Effect decomposition of each variable on innovation efficiency (geographic distance weighting)
Effect decomposition of each variable on innovation efficiency (geographic distance weighting)
Effect decomposition of each variable on innovation efficiency (economic distance weighting)

Coefficient estimation of short-term direct effects.

Coefficient estimation of short-term indirect effects.

Coefficient estimation of long-term direct effects.

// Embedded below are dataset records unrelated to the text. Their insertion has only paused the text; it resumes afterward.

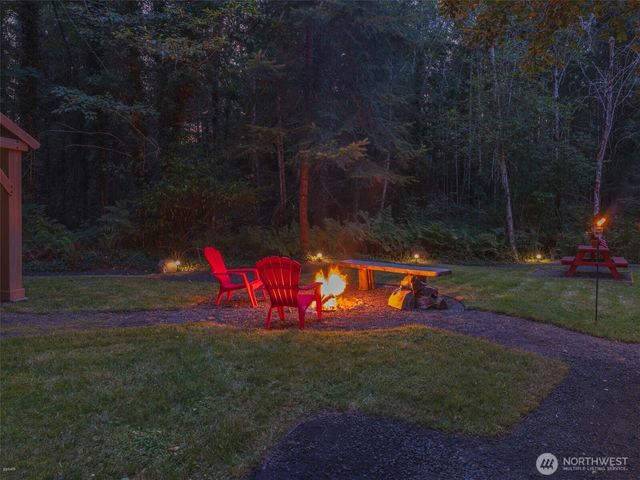 5441 E Grapeview Loop Road, Allyn, WA 98524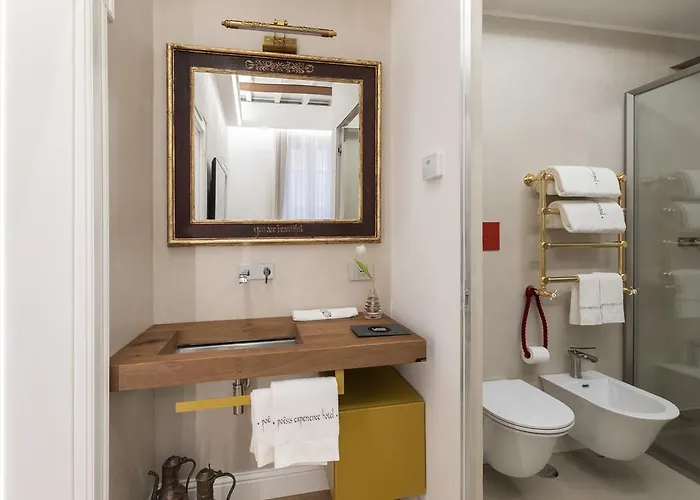 Poesis Experience 4* Rome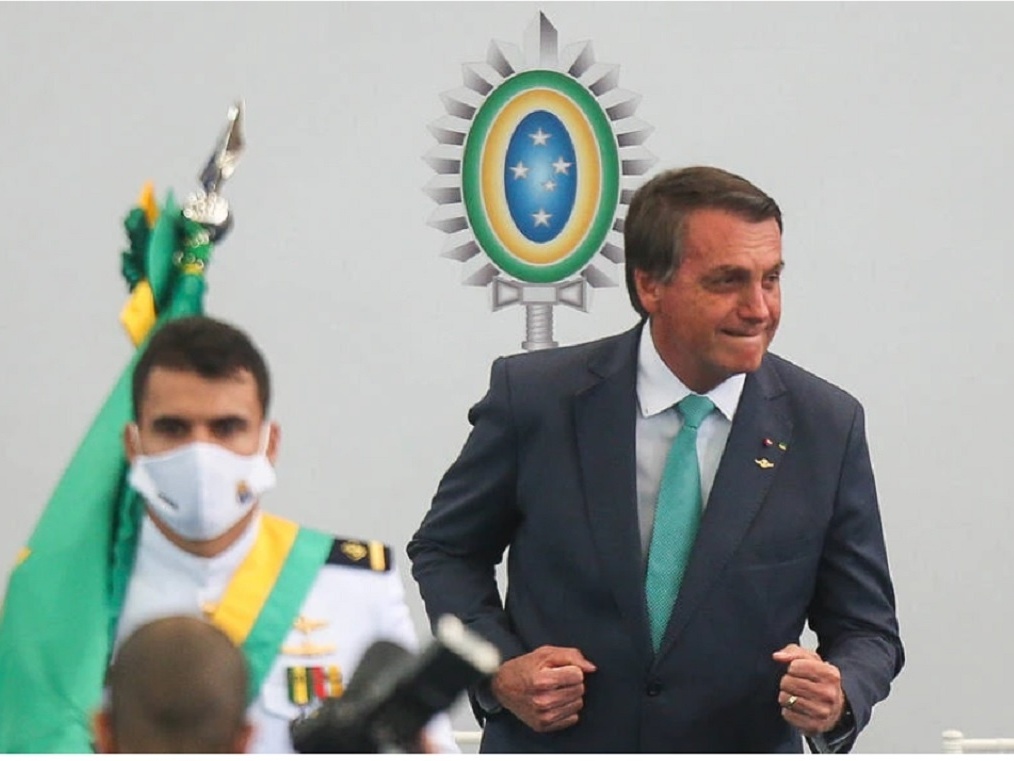 Humilhações impostas por Bolsonaro afastam-no da ala pensante do generalato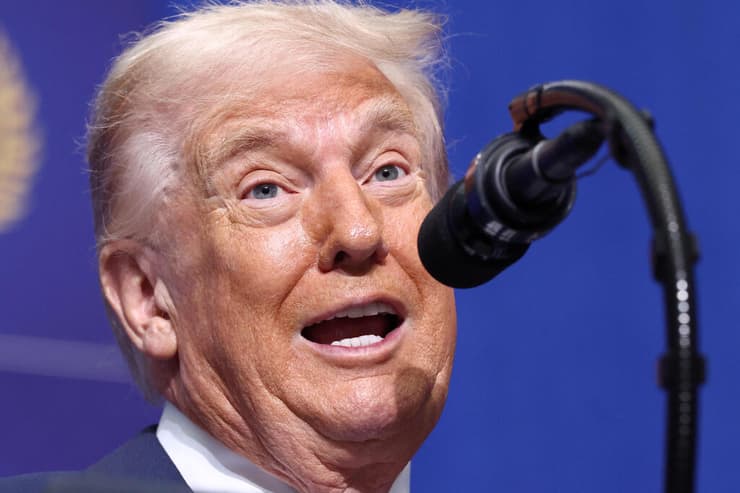 טראמפ. "היה עסוק מדי" בזמן השיחה (צילום: REUTERS/Kevin Lamarque) כינוס מועצת השלום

Coefficient estimation of long-term indirect effects.
According to Tables 6-7, it can be found that, whether in the long or short term, the direct effect of agglomeration of productive service industries is positive, passing the test of 1% level. However, the indirect effect of the of producer service cluster is positive but not significant, which indicates an increase in the level of producer service cluster can significantly improve the innovation efficiency in this city, but it has no significant role in promoting the improvement of innovation efficiency in neighboring cities. The producer service agglomeration can speed up the construction of industrial enterprise innovation platforms, provide technical personnel from different regions and enterprises with opportunities for cooperation and exchange, and help to share first-class skills and managerial experiences in innovation. From the estimation results of manufacturing cluster, manufacturing cluster has a significant inhibitory role on the innovation efficiency of industrial enterprises in this city, but it has a positive role in boosting the innovation efficiency of industrial enterprises in neighboring cities. China’s manufacturing industry mainly relies on industrial parks to agglomerate, mostly horizontal or simple vertical agglomeration, which makes imitative innovation more common, leading to the positive effect of positive knowledge spillovers brought by agglomeration on innovation efficiency. The recent suppression effect surpassed, hindering the promotion of innovation efficiency in the entire agglomeration area. Nevertheless, with the further deepening of the division of labor between the industrial chains of cities, the promotion of innovation efficiency by manufacturing agglomeration is passed on to neighboring cities through the industrial chain, thereby significantly improving the innovation efficiency of neighboring cities.
This paper uses Chinese urban data to empirically test the role of industrial cluster on the innovation efficiency and its spatial spillover effects. The results prove that the effect of prediction using BP neural network is satisfactory. There is a significant regional distribution pattern of innovation efficiency, and there is significant ‘time inertia’ and positive spatial correlation. Whether in the geographic distance weight matrix or economic distance weight matrix, the producer service agglomeration has significantly improved the innovation efficiency in this city, but has no significant role on the innovation efficiency of industrial enterprises in neighboring cities. Manufacturing cluster presents a significant inhibitory role on innovation efficiency in this city, and presents a significant promotion effect on innovation efficiency in neighboring cities. Moreover, the long-term impact is higher than the short-term impact. On the premise of incorporating spatial factors, industrial structure, innovation environment and foreign direct investment are all important factors affecting the innovation efficiency of industrial enterprises.